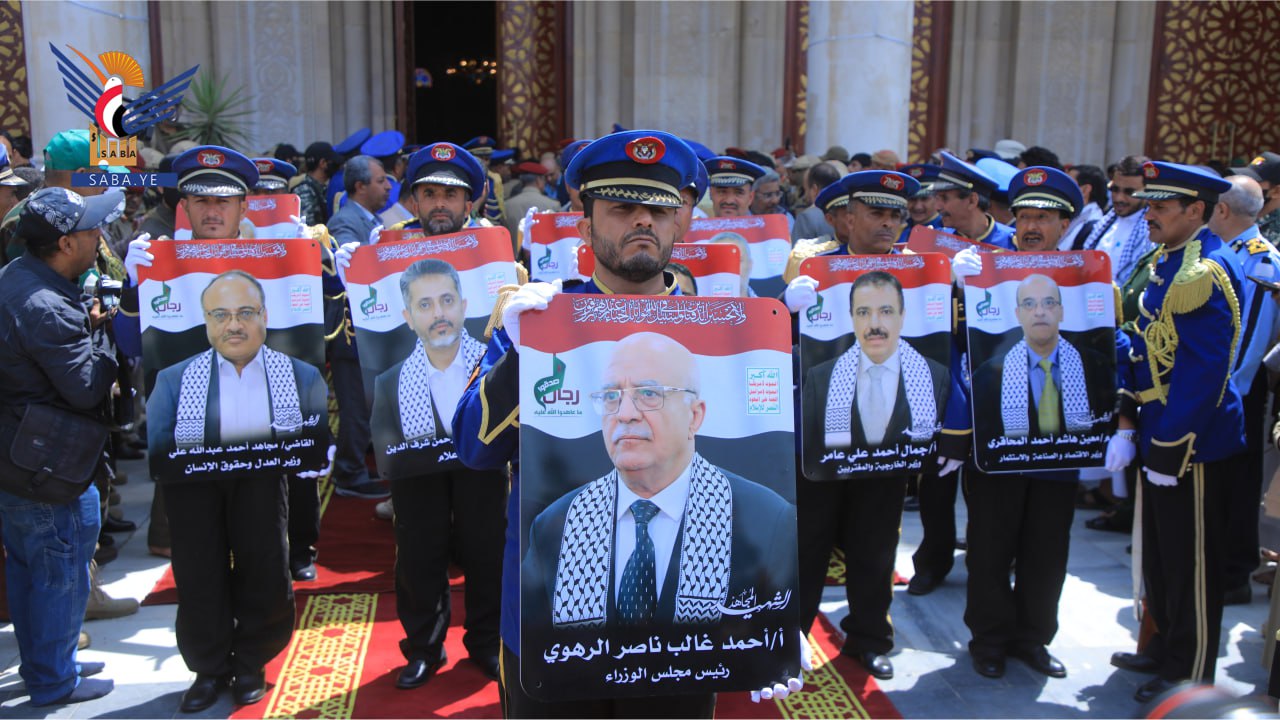 اليمنيون يودعون كوكبة من الشهداء ويؤكدون المضي على دربهم اليمنيون يودعون كوكبة من الشهداء ويؤكدون المضي على دربهم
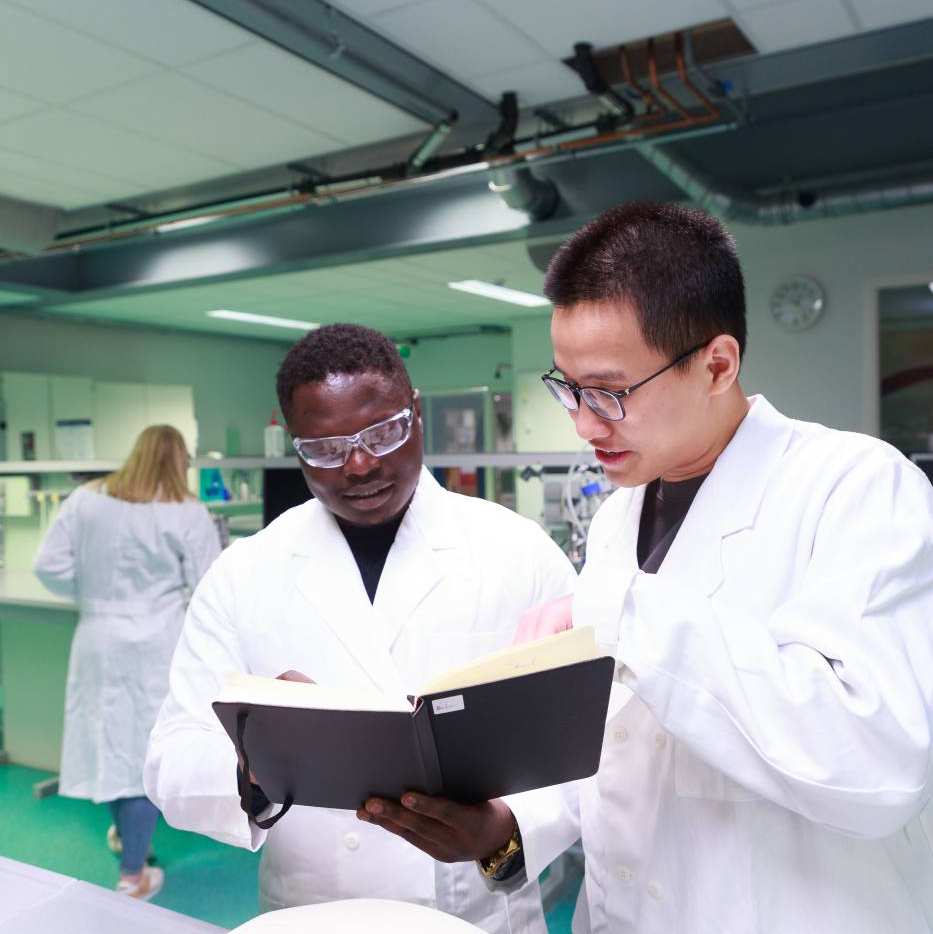 Studenten master Molecular Life Sciences Dat Le en Alain Barhasima staan in een biologielab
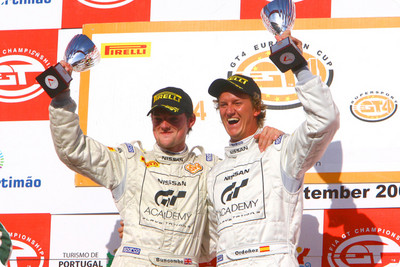 Luca Ordoñez und Alex Buncombe gewannen im Nissan 350Z GT4 die Teamwertung im GT4-Europa-Cup. 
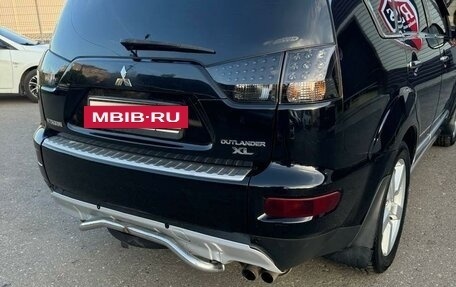 Mitsubishi Outlander III рестайлинг 3, 2007 год, 1 300 000 рублей, 7 фотография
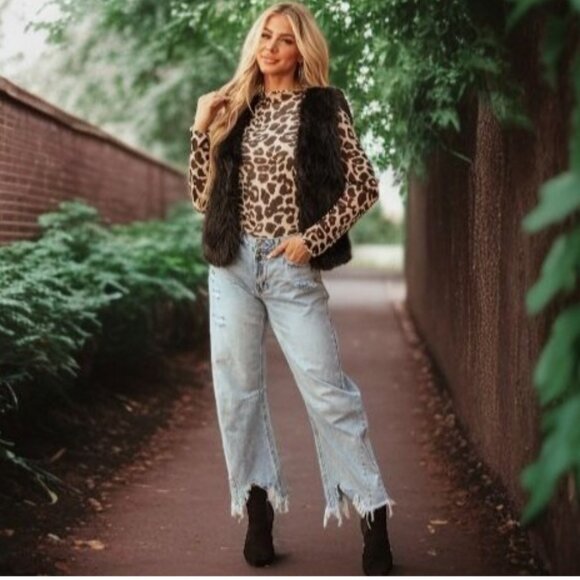 Special A High Rise Light Wash Barrel Jeans SZ 29/9 NWT - Picture 5 of 12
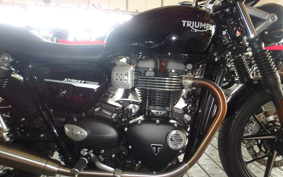 TRIUMPH STREET TWIN 2019 DAD74G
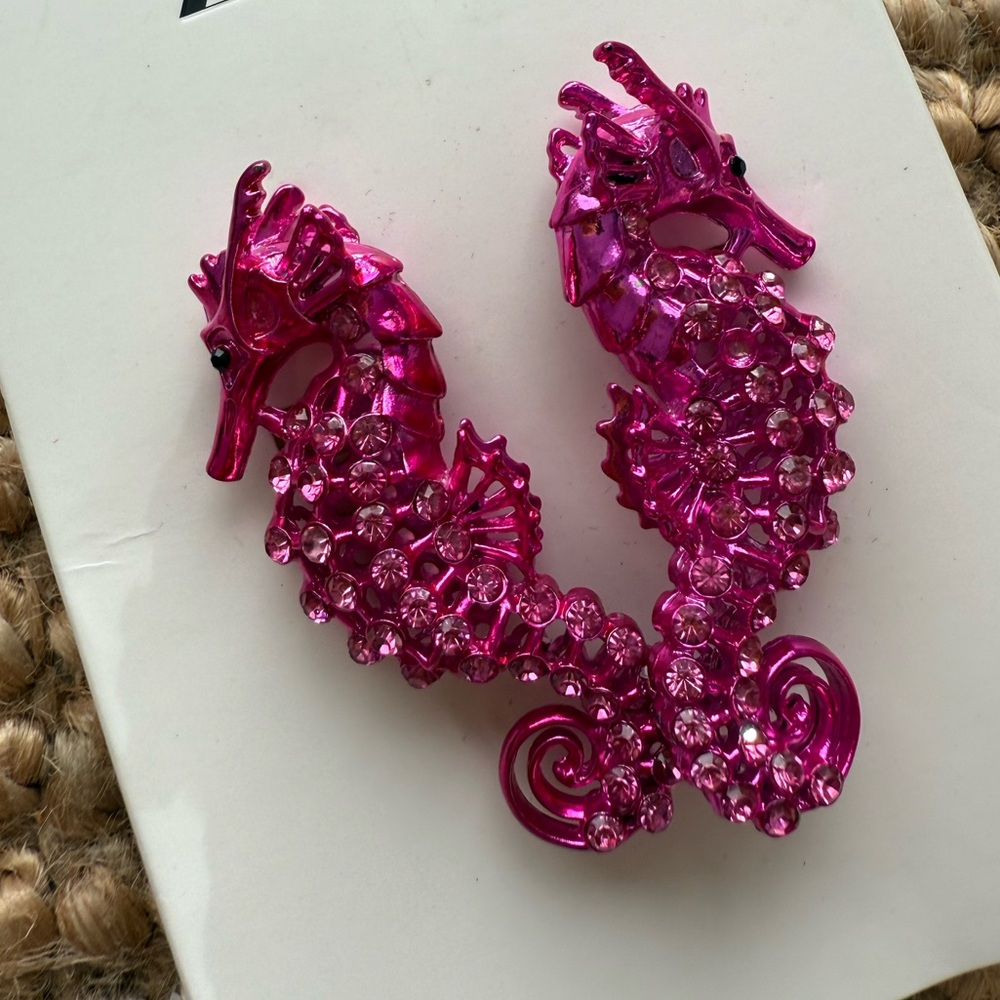 Zara Fuchsia Seahorse Earrings - NWT - Picture 3 of 6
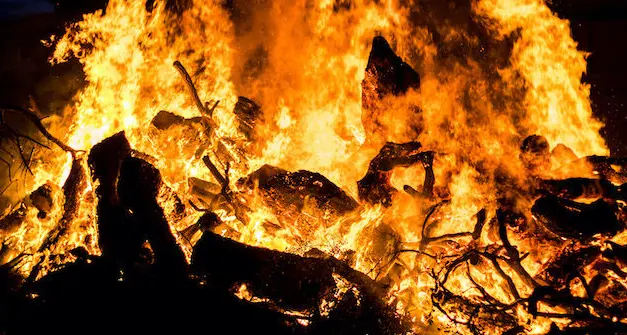 Lo storico carnevale neonelese e i suggestivi Riti delle Calende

§

What the exercise asks
Starting at the line with "Zara Fuchsia Seahorse", output each line through the final one of the listing above, and nothing else. Pictures are to be left out.

Finished task
 Zara Fuchsia Seahorse Earrings - NWT - Picture 3 of 6
 Lo storico carnevale neonelese e i suggestivi Riti delle Calende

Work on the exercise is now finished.